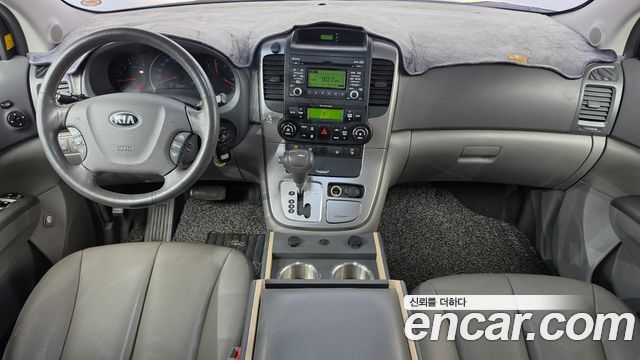Kia Canival 2013 — photo 10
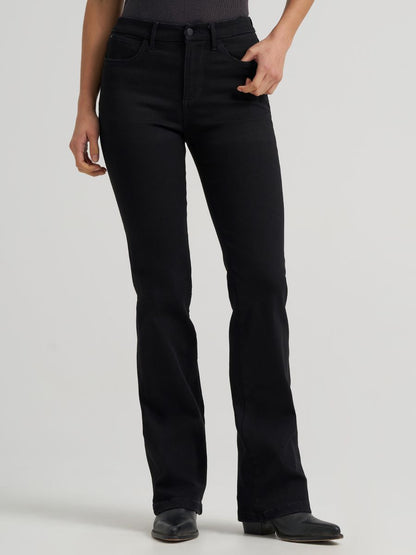 a front view of a woman wearing black jeans and cowboy boots on a grey background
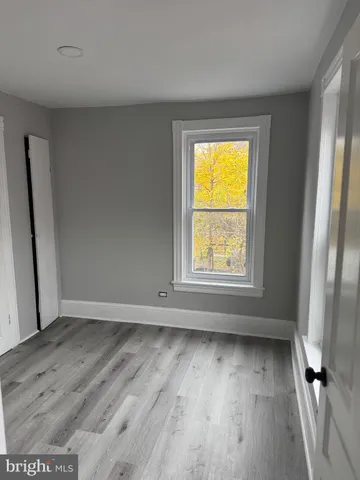 an empty room with wooden floor and a window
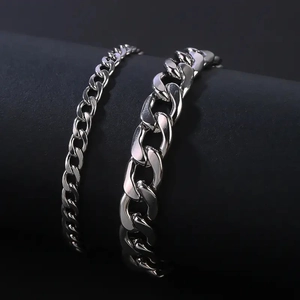 Set of two silver Cuban link chains in 4mm and 8mm widths on a minimalist display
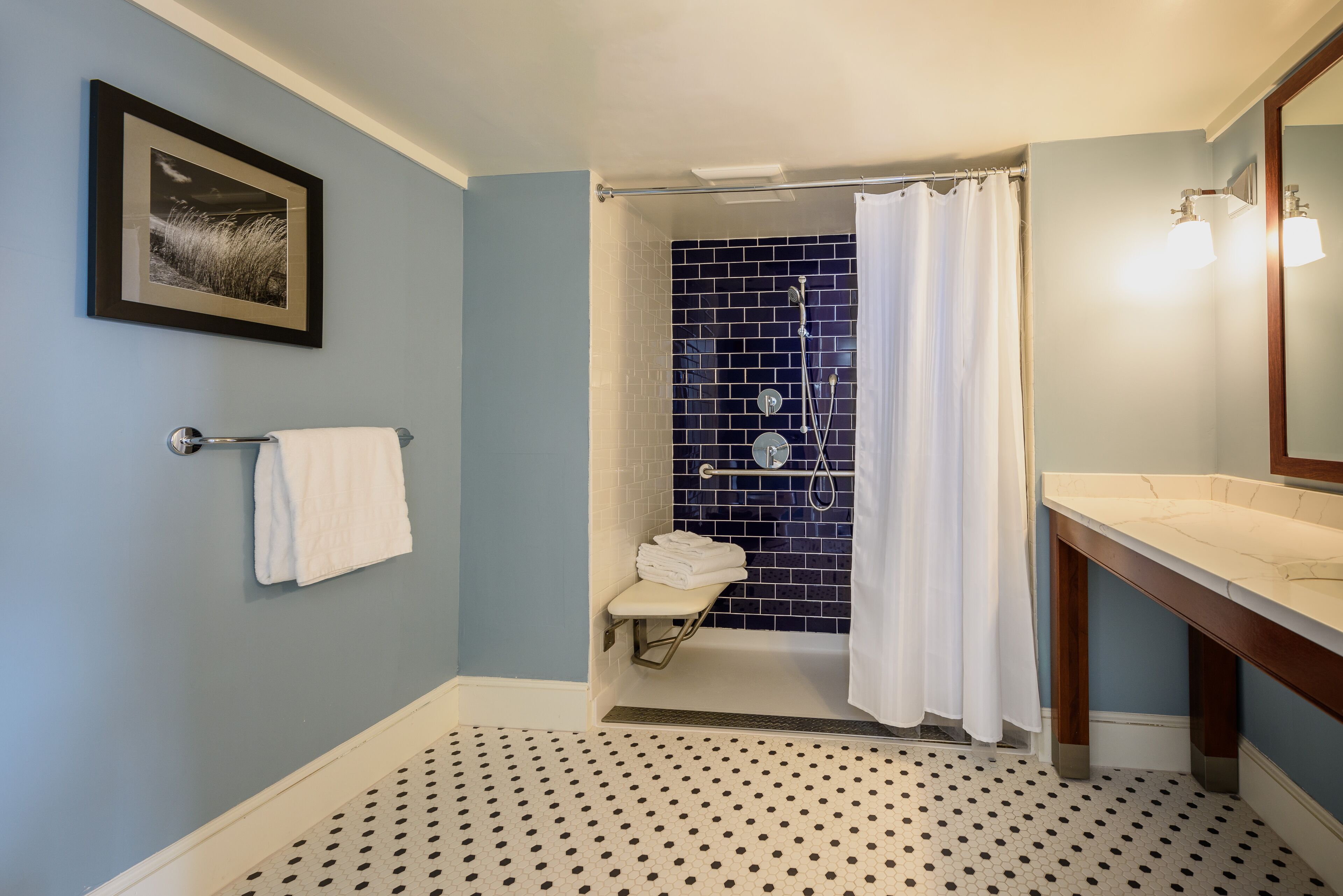 Un baño con ducha, toallero, lavabo e imagen en la pared.
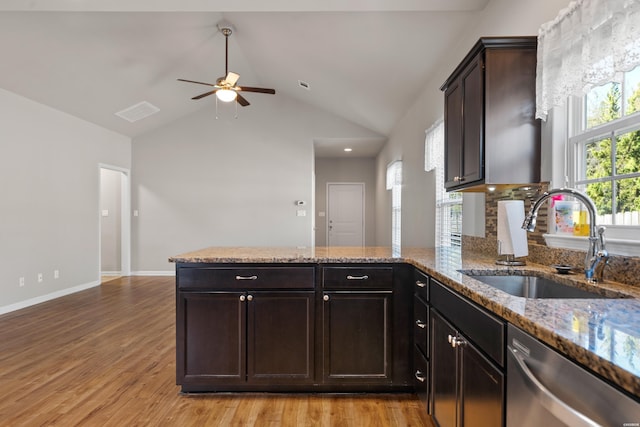 kitchen featuring stainless steel dishwasher, light wood-style floors, a sink, dark brown cabinets, and a peninsula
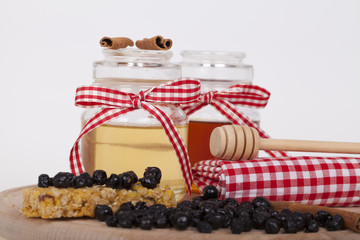 Honey in jar on a wooden background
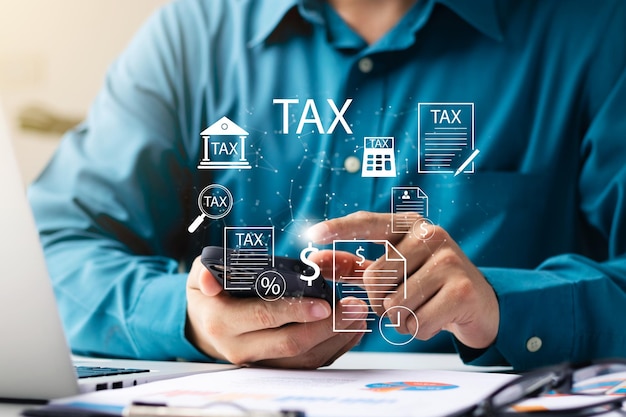 Photo businessman using his laptop computer and smartphone to fill out online personal income tax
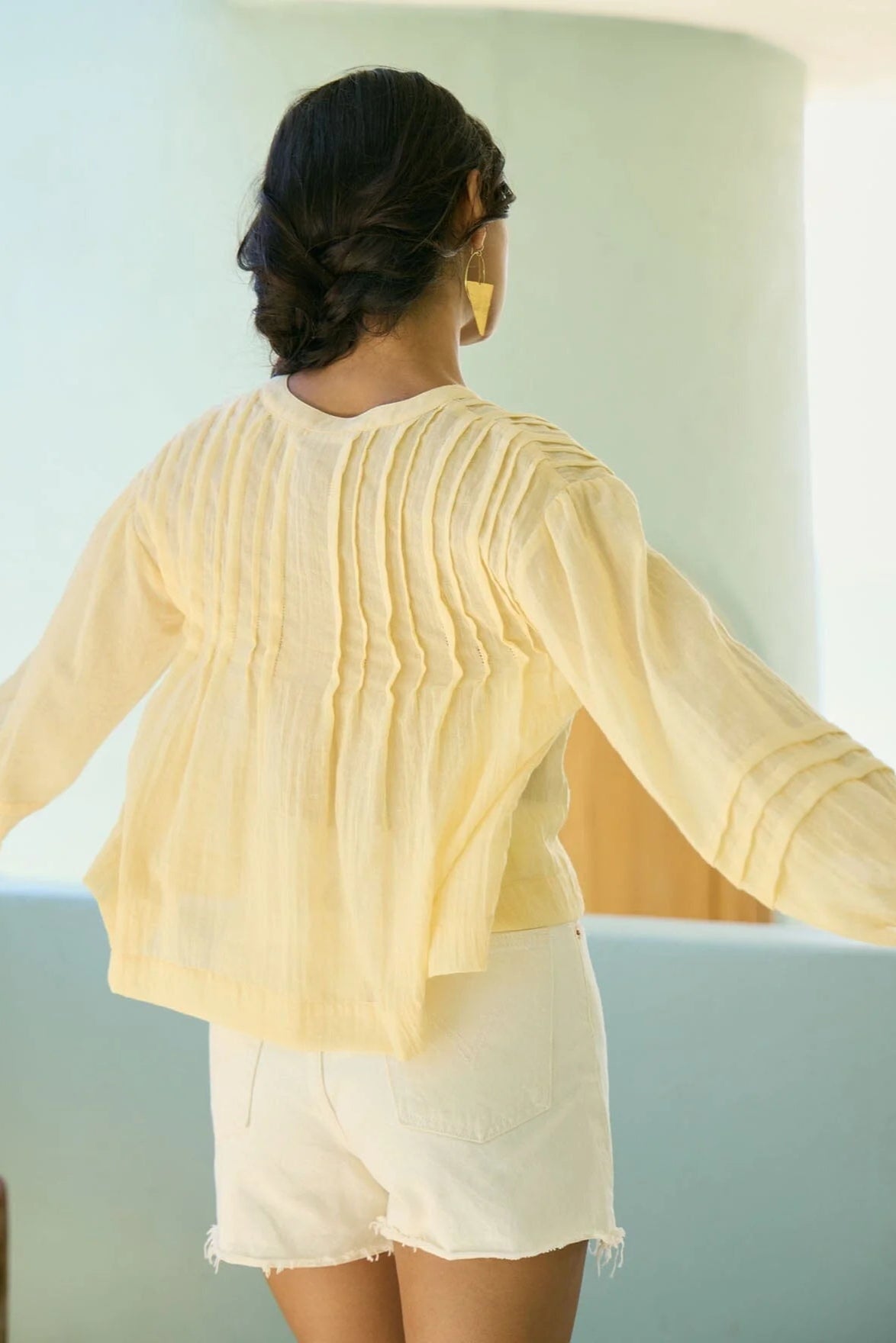 Sunshine yellow blouse with pintucks, long sleeves, back view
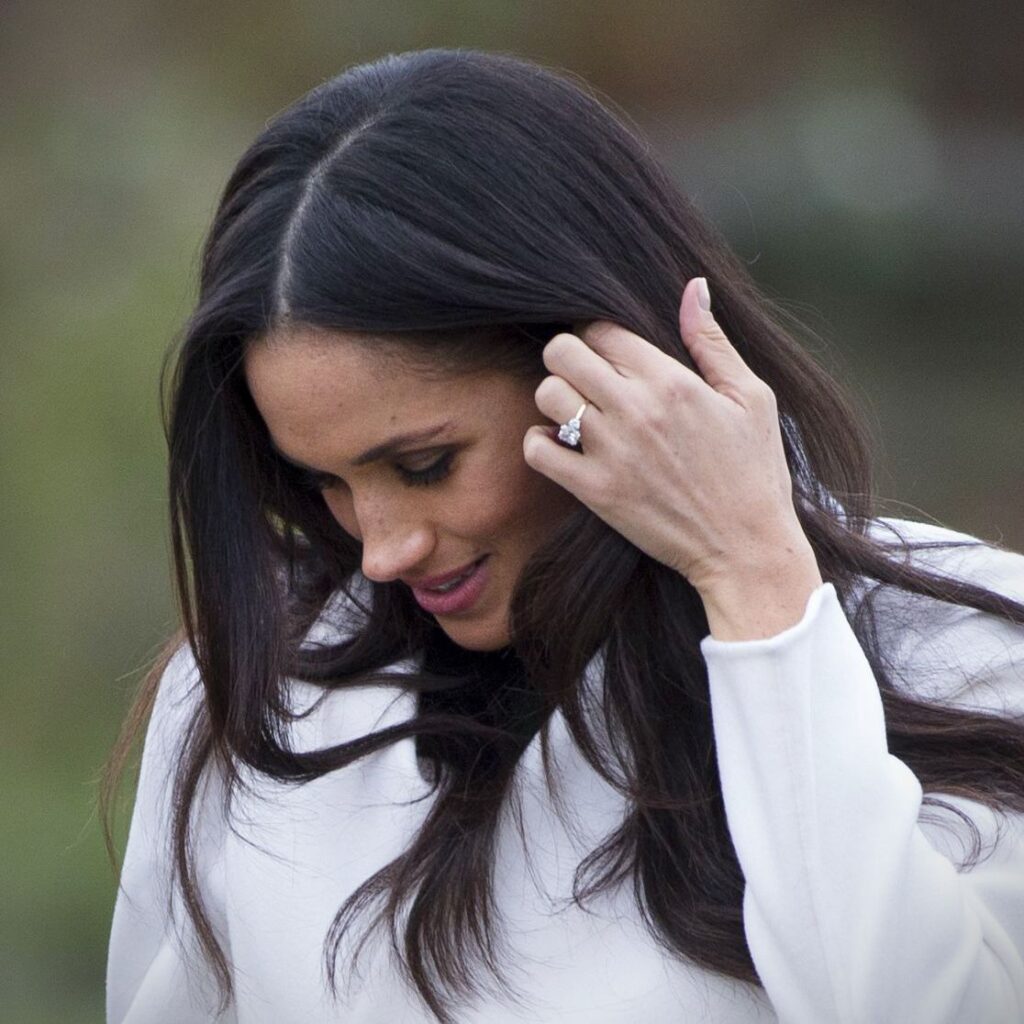 Meghan Markle smiling and touching her hair, showing off her engagement ring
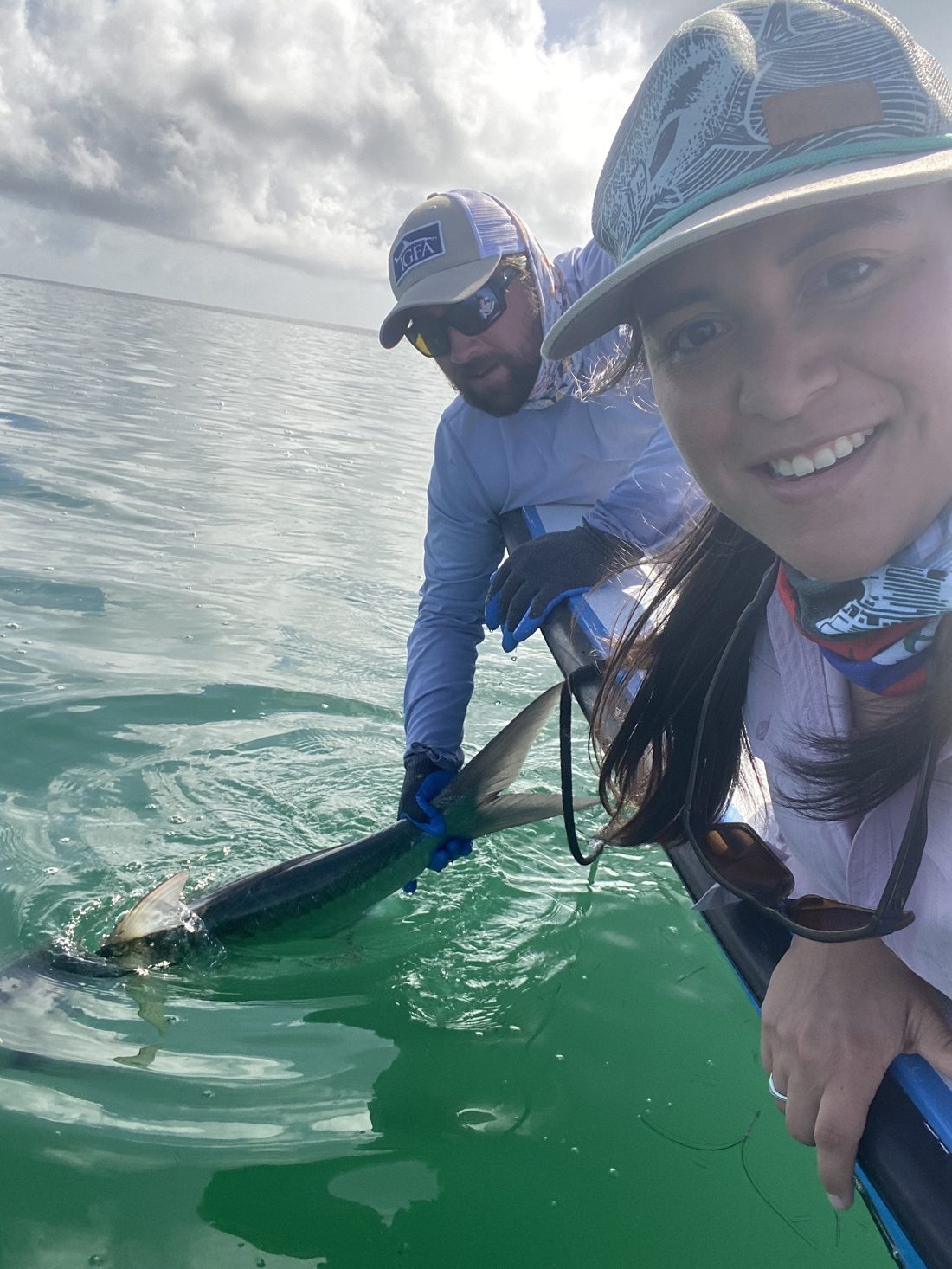 Will and Nissa releasing a tarpon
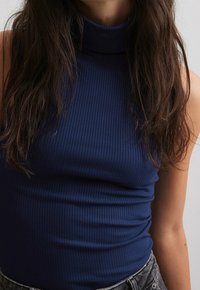 Top de cuello alto de canalé navy, material elástico, diseño ajustado, cuello alto, con una textura suave y un acabado limpio en las sisas.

-----

Exercise requirements: Exactly the lines from the one that contains "Photo businessman using" through the final line of the records above are needed, given again word for word, with every picture left out.

Answer to the problem:
 Photo businessman using his laptop computer and smartphone to fill out online personal income tax
 Sunshine yellow blouse with pintucks, long sleeves, back view
 Meghan Markle smiling and touching her hair, showing off her engagement ring
 Will and Nissa releasing a tarpon
 Top de cuello alto de canalé navy, material elástico, diseño ajustado, cuello alto, con una textura suave y un acabado limpio en las sisas.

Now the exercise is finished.